Let's start with the blackout. An independent investigation found that PG&E knew about high humidity levels inside the Mission substation but failed to act before the damage cascaded into a crippling December outage. One hundred and twenty thousand customers sat in the dark because the monopoly utility couldn't be bothered to fix a known problem at a critical piece of infrastructure. As one SF resident put it with pitch-perfect sarcasm: "PG&E!? But, but... They're so highly regarded!"

Meanwhile, on the residential side, homeowners trying to do the responsible thing — upgrading from 100-amp to 200-amp panels so they can install solar, heat pumps, or EV chargers — are hitting a bureaucratic wall that would make the DMV blush. The timeline for an underground panel upgrade? Eighteen months minimum, and that's if you're lucky.

One Bay Area homeowner shared their saga: "It took us about 2 years to get ours upgraded. The delay was almost entirely on PG&E's side. Took 18 months for them to dig and rewire." Another local noted that "PG&E anoints only a select few electricians to manage buried power lines," and the costs are, predictably, astronomical.

Let's connect the dots.
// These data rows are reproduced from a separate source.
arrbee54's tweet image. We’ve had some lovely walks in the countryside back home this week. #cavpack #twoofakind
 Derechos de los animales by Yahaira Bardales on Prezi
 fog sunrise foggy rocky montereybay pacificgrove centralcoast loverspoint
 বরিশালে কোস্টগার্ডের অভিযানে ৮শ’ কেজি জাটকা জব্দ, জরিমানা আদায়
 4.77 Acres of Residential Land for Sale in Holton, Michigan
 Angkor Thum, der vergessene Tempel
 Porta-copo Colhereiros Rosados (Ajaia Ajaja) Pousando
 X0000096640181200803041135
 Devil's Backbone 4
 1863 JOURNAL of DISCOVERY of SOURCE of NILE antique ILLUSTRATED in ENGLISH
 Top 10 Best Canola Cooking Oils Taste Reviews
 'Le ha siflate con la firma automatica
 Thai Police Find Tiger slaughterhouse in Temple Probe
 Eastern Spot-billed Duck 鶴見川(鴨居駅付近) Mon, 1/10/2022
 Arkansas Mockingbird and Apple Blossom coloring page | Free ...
California is aggressively pushing electrification — electric vehicles, electric stoves, electric everything. The state essentially requires homeowners to go electric. But the monopoly utility tasked with making that possible operates on a timeline measured in geological epochs. You can't mandate an all-electric future while tolerating a utility that takes two years to upgrade a single home's panel.

PG&E has no competitors. Homeowners have no alternatives. The California Public Utilities Commission — the regulatory body supposedly holding PG&E accountable — continues to approve rate hikes while the utility delivers deteriorating service.

This isn't a market failure. It's a monopoly failure, enabled by a state government that talks big on electrification while shrugging at the utility standing in the way. San Franciscans deserve better than a power company that can't keep the lights on or turn them up.